I have a folder containing four PDFs. Each PDF includes only one table and that table spans multiple pages for 3 PDFs. One PDF only has one page and that page also only consists of one table. I'm using Tabula to extract the tables from the PDFs into DataFrames that are eventually output as JSON files.
I can successfully extract and output as JSON, 2 of the PDFs. However, the other 2 give this message:
Reading PDF File: Zeke Allocations (April 2020)
The output file is empty
Reading PDF File: USG Allocations (December 2020)
The output file is empty
This is my code:
import os.path
import tabula
import glob
import json
file_path = "this is the file path"
filename=os.path.splitext(os.path.basename(file_path))[0]
print(f"Processing folder: {filename}")
pdf_files=glob.glob(file_path +'/*.pdf')
print(f" Found {len(pdf_files)} PDF file/s in directory: {file_path}")
for i,files in enumerate (pdf_files):
pdf_name= os.path.splitext(os.path.basename(files))[0]
print(f"Reading PDF File: {pdf_name}")
dfs=tabula.read_pdf(files,pages='all',multiple_tables=False,stream=True,pandas_options={'header':None})
dfs_list=[]
for df in dfs:
df=df.dropna()
print(f"Found {len(dfs)} table/s in: {pdf_name}")

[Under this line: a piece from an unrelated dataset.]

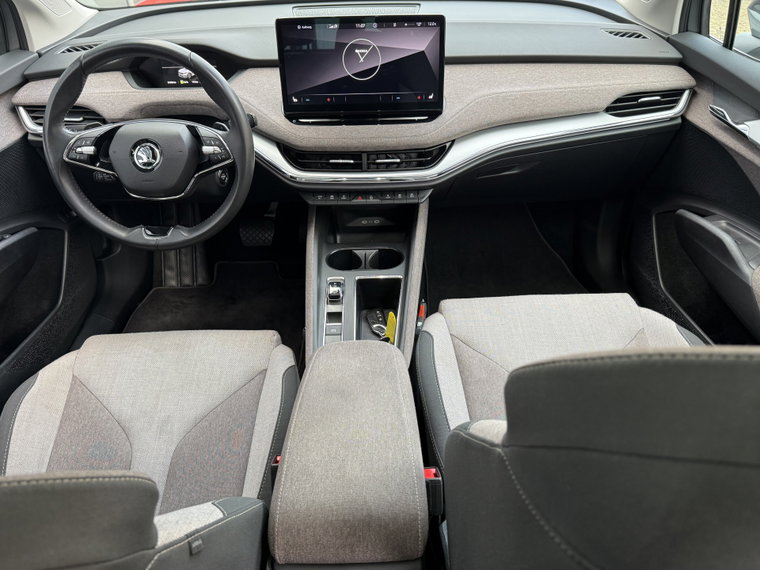 Vehicle Image 41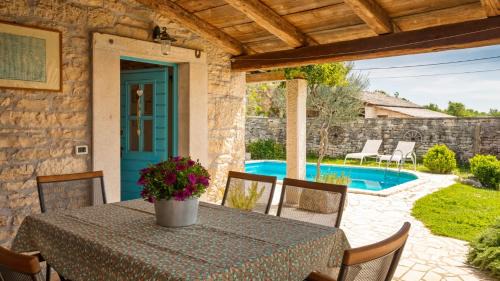 Vosteni Villa | Rustic villa Janko with pool in Sveti Lovrec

column_names = ['Index', 'Account', 'Allocation($mm)']
df.columns=column_names
print(df)
df_json=df.to_dict('records')
print(df_json)
with open(f" {filename}.JSON",'w') as f:
json.dump(df_json,f, indent=4)
What could I do to extract the content of the other two PDFs? All the PDFs essentially follow this format and they are text-based, not scanned:
Account | Allocation |
---|---|
Alice | 7.8 |
Bob | 2.5 |
Charlie | 4.0 |